Record excerpts:
☆ ☆ ☆ ☆ ☆ ☆ ☆

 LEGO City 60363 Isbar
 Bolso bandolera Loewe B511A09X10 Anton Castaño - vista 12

☆ ☆ ☆ ☆ ☆ ☆ ☆

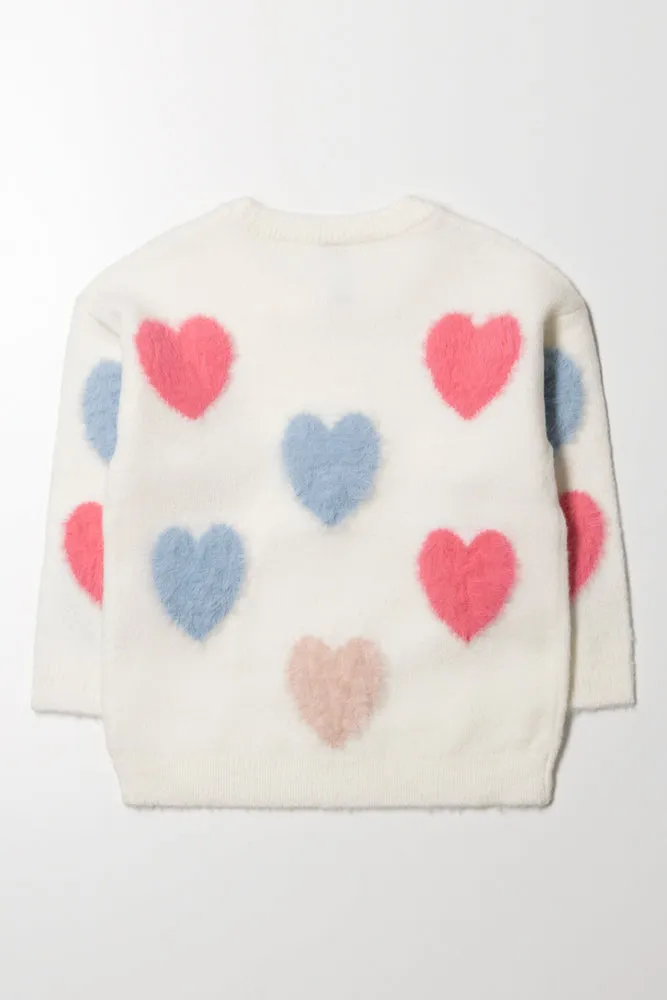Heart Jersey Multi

☆ ☆ ☆ ☆ ☆ ☆ ☆

Directions for this task: Could you reproduce exactly the lines of the entries above, from the one with "LEGO City 60363 Isbar" through the one with "Bolso bandolera Loewe", and nothing else?

Your solution:
 LEGO City 60363 Isbar
 Bolso bandolera Loewe B511A09X10 Anton Castaño - vista 12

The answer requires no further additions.